The data >>
--- START ---
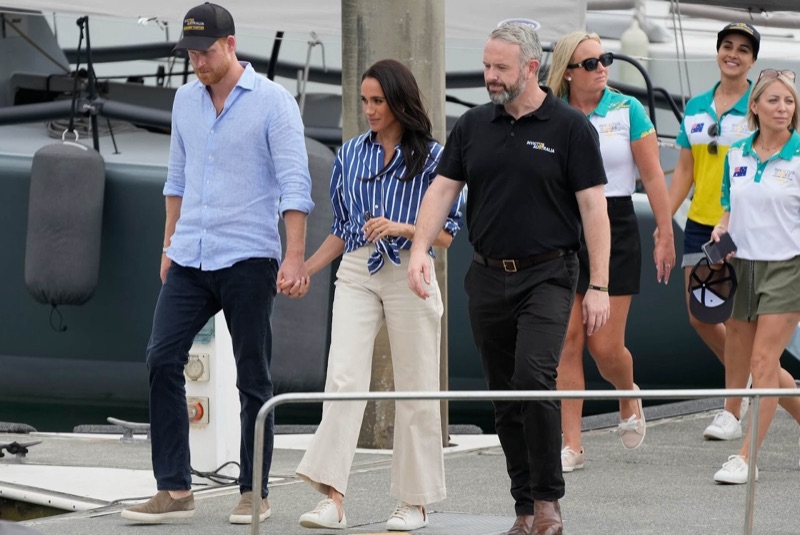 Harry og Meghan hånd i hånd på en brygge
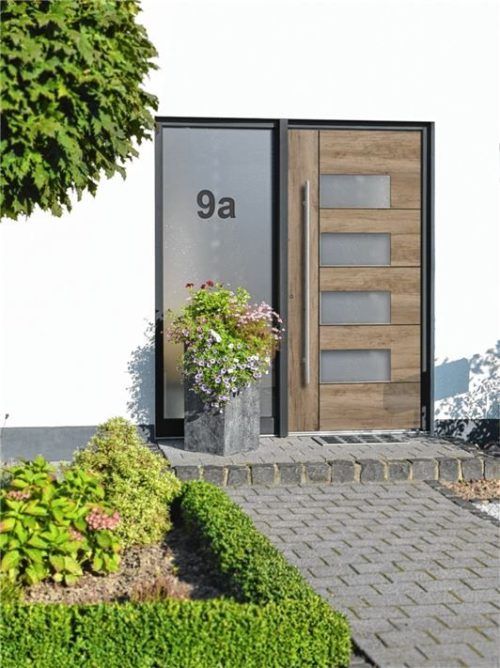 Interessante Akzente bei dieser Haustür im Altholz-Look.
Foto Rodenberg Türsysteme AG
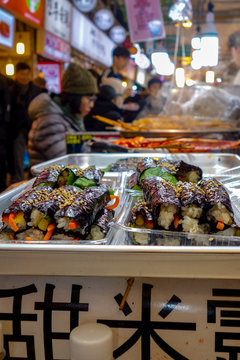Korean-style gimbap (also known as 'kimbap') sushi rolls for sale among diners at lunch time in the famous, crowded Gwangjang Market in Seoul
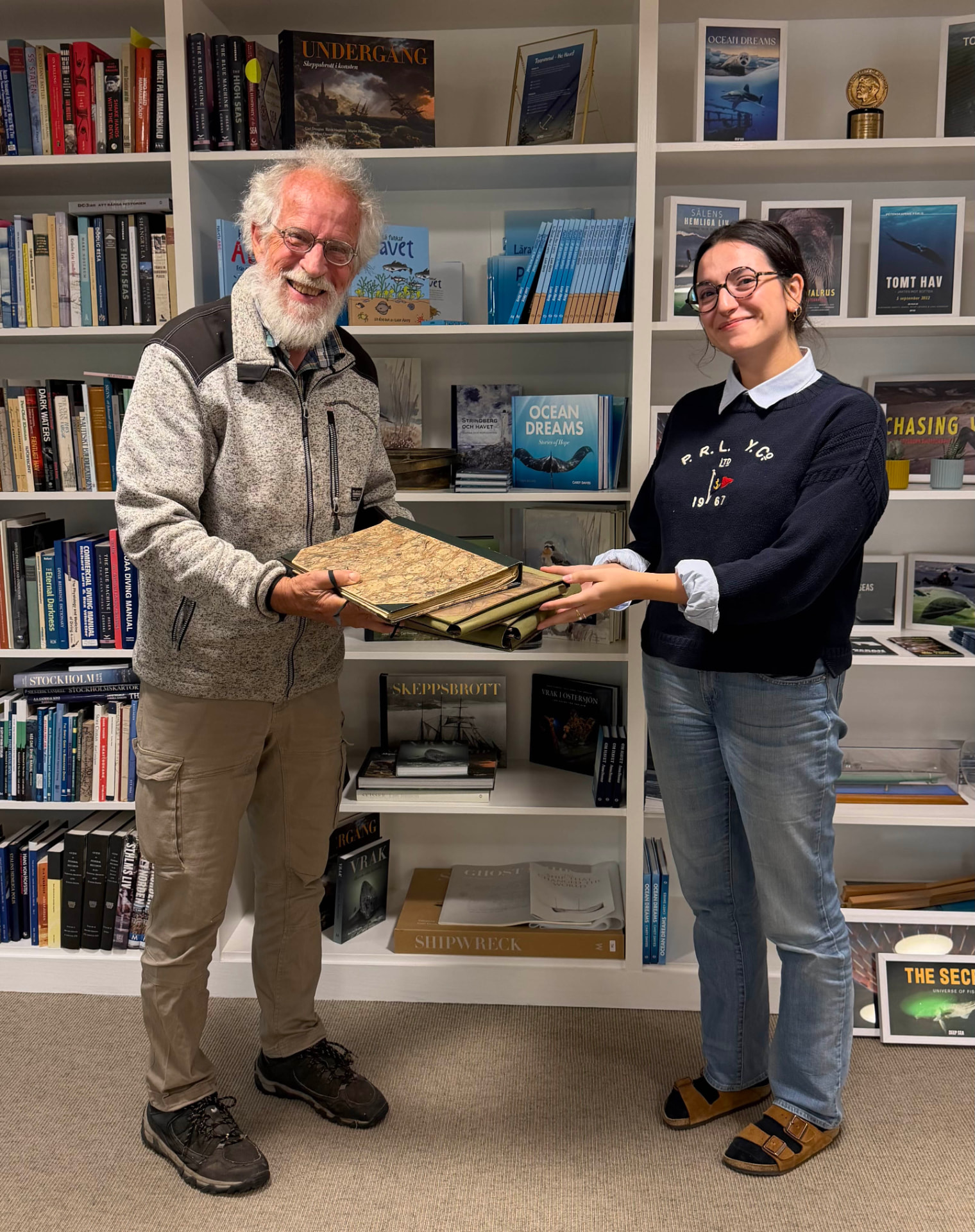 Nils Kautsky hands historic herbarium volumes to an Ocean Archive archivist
--- END ---
--- START ---
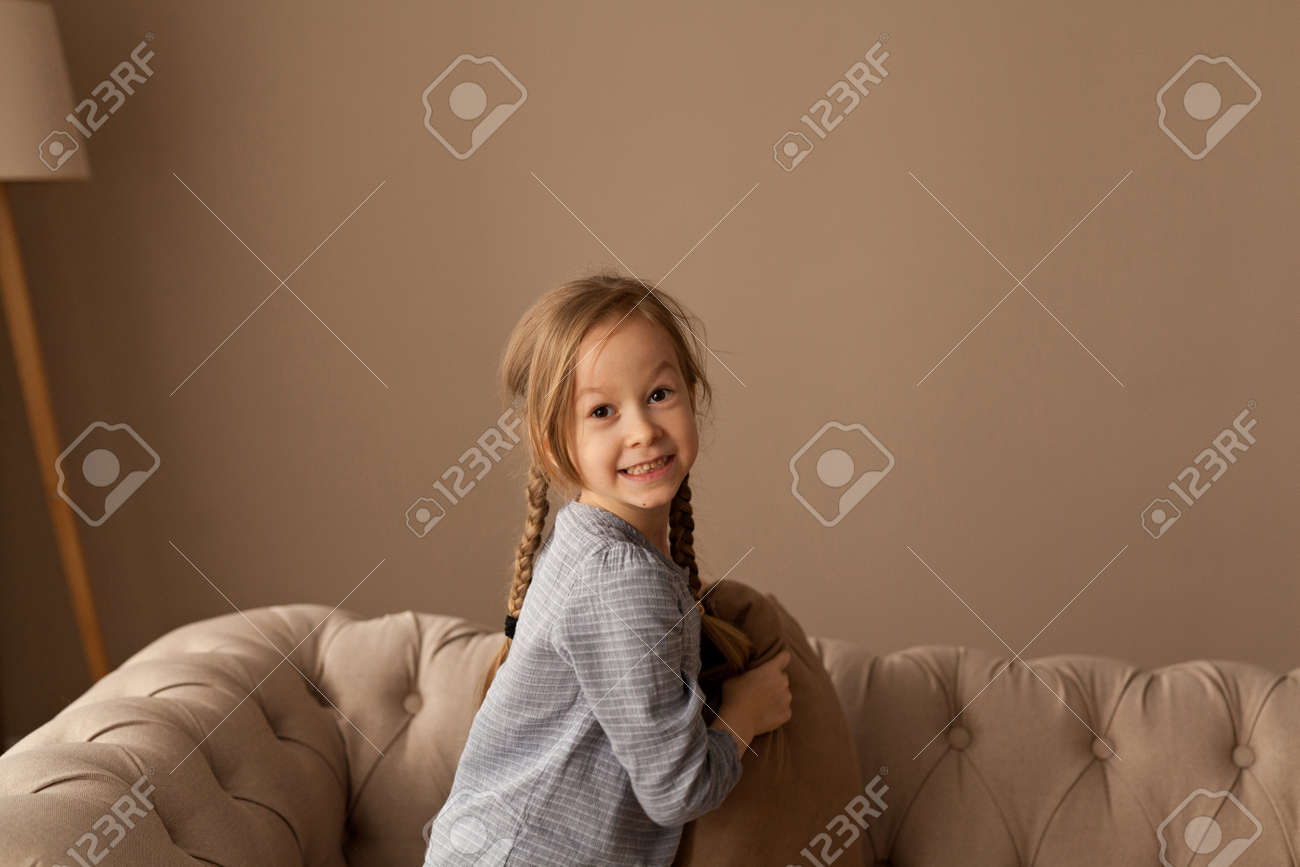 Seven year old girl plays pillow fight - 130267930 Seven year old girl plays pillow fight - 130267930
--- END ---
Exercise directions >> Reproduce exactly the lines above that run from the one with "Foto Rodenberg Türsysteme AG" to the one with "Nils Kautsky hands", both included, leaving pictures out.

Response >>
Foto Rodenberg Türsysteme AG
Korean-style gimbap (also known as 'kimbap') sushi rolls for sale among diners at lunch time in the famous, crowded Gwangjang Market in Seoul
 Nils Kautsky hands historic herbarium volumes to an Ocean Archive archivist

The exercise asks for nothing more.